Isn't it odd how we live so close together, yet feel so far apart?
Learning to communicate with people, with specific individuals, is a gradual process of lowering your guard as you feel able to trust, listening to who the other person is and communicating who you are in a way the other person is able to understand. I guess that sounds complicated, but we do it all the time naturally and usually without even thinking about the process involved. The process of learning to get to know people is really interesting to watch.
Most people, it seems to me, are actually parts of many different tribes. Different aspects of their lives, different ways they spend their time and what they're interested in and into, express different parts of who they are. And those different aspects of life, those different tribes, overlap and life flows from one to another. Some of those tribes are distributed and sometimes completely online. Modern social media and sundry internet technologies permit the groups to find and express a sense of belonging, whilst the full identity of any individual is to be found not in any single group identity but expressed by the sum of all their actions and life.
Historically the tribe arose as a survival mechanism. In a savage world the only way to survive is to ally yourself with a group of other people. Having shared values and a shared way of life allows you to be much stronger than you are individually and have capacity to learn and grow. To learn and grow both individually and collectively.

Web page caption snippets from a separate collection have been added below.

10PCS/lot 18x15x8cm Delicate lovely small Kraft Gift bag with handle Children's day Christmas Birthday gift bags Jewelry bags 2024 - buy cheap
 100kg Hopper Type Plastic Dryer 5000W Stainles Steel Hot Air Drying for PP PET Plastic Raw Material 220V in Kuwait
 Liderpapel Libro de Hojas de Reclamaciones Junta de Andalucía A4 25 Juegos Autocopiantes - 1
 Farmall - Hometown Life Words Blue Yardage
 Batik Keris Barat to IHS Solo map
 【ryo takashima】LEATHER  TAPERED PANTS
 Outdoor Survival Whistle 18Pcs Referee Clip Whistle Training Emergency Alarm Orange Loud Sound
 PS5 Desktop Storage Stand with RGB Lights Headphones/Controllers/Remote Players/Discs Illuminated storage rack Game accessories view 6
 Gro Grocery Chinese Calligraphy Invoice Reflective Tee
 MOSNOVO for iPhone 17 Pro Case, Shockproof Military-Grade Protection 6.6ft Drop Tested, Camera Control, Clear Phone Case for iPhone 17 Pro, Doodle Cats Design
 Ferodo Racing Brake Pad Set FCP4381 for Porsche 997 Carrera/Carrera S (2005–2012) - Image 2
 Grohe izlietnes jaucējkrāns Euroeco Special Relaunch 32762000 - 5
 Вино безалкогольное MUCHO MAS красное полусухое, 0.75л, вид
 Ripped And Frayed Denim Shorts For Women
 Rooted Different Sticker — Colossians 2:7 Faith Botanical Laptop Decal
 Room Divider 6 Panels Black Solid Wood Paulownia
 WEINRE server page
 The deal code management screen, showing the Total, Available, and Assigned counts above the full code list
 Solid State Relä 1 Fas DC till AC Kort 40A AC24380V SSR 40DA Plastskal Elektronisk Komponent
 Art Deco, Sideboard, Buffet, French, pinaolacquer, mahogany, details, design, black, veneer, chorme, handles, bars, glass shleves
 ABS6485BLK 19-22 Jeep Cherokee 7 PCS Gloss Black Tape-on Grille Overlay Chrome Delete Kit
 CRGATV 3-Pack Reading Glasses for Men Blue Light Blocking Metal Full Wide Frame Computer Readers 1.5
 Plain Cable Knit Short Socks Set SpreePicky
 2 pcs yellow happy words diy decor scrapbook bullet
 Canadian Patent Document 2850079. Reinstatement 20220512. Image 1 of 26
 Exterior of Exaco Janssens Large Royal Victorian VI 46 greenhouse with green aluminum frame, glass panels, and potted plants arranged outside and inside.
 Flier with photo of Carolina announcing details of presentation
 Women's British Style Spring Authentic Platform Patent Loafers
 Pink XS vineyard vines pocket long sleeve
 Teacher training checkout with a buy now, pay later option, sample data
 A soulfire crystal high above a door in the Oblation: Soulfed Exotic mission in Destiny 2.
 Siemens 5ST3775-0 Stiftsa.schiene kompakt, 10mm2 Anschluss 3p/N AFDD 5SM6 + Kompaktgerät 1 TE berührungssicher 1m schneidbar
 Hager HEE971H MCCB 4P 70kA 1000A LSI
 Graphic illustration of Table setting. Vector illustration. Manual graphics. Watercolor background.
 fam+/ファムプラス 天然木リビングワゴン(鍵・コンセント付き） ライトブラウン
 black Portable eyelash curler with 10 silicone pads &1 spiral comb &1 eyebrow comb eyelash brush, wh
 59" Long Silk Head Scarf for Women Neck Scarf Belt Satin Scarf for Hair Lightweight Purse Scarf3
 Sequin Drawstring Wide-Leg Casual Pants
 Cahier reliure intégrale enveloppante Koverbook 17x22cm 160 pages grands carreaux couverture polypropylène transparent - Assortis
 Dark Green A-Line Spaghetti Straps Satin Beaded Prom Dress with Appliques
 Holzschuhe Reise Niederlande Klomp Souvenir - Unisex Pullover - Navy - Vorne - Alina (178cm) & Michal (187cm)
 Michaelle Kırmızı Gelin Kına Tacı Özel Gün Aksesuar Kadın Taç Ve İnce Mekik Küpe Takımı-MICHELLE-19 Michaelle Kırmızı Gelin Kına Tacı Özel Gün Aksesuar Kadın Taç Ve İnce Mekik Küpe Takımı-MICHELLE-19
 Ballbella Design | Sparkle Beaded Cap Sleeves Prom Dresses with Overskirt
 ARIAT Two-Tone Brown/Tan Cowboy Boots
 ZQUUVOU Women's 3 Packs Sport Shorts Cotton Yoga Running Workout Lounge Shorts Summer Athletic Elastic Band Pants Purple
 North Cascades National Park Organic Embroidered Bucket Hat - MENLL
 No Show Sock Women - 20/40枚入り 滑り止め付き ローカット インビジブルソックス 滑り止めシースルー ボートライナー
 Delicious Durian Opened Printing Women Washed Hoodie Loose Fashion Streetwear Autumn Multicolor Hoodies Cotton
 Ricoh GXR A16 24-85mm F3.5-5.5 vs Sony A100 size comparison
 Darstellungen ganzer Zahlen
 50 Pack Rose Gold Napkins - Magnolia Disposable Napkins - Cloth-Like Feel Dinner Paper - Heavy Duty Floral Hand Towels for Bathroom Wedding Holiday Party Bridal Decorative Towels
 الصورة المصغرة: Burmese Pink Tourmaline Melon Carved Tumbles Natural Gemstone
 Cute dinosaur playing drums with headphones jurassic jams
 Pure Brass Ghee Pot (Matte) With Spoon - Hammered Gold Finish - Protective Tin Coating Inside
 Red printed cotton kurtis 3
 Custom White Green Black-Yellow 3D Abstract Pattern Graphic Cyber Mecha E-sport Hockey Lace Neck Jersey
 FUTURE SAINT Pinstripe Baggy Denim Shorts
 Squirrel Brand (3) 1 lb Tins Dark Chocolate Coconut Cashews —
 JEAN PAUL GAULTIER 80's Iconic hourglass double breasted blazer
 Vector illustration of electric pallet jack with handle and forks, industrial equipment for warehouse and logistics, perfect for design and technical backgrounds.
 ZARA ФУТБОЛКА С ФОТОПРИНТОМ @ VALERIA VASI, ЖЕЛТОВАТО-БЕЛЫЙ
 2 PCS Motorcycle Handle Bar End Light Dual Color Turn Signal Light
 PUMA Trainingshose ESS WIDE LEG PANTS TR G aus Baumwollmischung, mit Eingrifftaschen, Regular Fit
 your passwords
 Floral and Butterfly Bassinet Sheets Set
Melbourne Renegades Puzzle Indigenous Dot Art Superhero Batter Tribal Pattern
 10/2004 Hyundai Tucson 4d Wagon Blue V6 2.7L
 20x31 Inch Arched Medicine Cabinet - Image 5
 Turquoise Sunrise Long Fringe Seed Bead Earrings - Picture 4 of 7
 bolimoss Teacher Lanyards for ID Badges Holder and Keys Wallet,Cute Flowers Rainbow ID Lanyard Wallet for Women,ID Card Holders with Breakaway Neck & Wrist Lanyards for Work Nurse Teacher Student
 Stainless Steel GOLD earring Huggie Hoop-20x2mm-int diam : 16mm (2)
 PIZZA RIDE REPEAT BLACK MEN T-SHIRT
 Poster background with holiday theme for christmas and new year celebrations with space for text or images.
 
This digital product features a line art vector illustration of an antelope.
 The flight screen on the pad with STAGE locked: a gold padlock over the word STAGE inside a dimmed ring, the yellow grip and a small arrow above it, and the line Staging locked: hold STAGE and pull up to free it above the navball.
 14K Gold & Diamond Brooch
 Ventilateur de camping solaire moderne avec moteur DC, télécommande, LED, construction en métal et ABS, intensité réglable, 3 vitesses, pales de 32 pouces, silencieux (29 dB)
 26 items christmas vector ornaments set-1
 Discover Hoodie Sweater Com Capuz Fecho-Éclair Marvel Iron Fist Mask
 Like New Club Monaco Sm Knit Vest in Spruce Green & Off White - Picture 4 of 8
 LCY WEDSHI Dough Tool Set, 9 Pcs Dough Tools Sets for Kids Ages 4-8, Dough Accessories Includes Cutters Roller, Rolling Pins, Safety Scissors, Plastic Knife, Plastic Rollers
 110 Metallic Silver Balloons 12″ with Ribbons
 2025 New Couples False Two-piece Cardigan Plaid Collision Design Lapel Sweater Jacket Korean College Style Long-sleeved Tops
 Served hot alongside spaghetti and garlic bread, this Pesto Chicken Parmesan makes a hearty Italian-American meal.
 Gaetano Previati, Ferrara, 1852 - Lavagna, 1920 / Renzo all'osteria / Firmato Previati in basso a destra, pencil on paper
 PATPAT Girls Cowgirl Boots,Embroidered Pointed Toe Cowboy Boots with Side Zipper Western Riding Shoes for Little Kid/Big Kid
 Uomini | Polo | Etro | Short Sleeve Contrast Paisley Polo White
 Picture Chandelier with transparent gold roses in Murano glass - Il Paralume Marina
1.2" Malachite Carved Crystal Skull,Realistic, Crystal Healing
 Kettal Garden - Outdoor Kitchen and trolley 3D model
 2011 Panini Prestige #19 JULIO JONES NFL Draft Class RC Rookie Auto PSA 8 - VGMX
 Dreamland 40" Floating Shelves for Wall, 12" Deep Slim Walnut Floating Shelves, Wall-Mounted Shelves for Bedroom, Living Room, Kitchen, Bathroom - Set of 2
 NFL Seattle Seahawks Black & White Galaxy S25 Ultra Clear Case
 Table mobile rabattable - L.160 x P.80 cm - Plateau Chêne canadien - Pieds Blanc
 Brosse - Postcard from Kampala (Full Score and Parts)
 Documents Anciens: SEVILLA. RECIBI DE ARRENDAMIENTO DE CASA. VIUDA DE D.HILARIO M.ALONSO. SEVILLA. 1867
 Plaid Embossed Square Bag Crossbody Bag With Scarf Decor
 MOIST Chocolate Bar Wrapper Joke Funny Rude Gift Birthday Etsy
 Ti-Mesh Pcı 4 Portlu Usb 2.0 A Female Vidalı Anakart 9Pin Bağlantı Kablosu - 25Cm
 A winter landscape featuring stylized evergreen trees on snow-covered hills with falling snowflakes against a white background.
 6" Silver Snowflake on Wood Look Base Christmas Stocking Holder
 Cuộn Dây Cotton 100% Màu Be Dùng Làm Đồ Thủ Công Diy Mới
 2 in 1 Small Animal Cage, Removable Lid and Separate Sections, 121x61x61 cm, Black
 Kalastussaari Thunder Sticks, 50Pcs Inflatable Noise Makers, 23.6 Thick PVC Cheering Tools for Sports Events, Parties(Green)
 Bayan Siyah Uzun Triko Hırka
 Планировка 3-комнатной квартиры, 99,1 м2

Individually, unless you're one of the rare individuals fierce and capable enough to go it alone, you couldn't survive. So conforming to social norms in able to be part of a group was a requirement of survival. Social norms could therefore be rules that group members had to accept in order to belong. You can still see this in gang culture, where membership is a matter of survival on the streets. Where you have a choice of which tribe to belong to, social norms as behaviour rules (rules that limit who you're allowed to be) starts to seem less appealing.
In a difficult world a tribe would, at least in potential, be in a state of adversity with other tribes competing for the same scarce resources. Tribes that are not in competition are able to be allied and usefully trade and learn from one another. Still, the base identity of a tribe divides the world into us and other. In the modern world, when people are potentially members of many tribes, defining those not in a tribe as "other" is horrible.
So I love tribes, but I hate tribalism.
Using the concept of tribes in this way is an abstraction permitting us to think about, understand and model human behaviour. The low level operation of this abstraction is individual behaviour, with the concept of tribes providing a framework for describing aggregate behaviour of individuals in certain circumstances. The term tribes is a metaphor for human activity, an abstraction that simplifies and points us to more complex social behavioural patterns.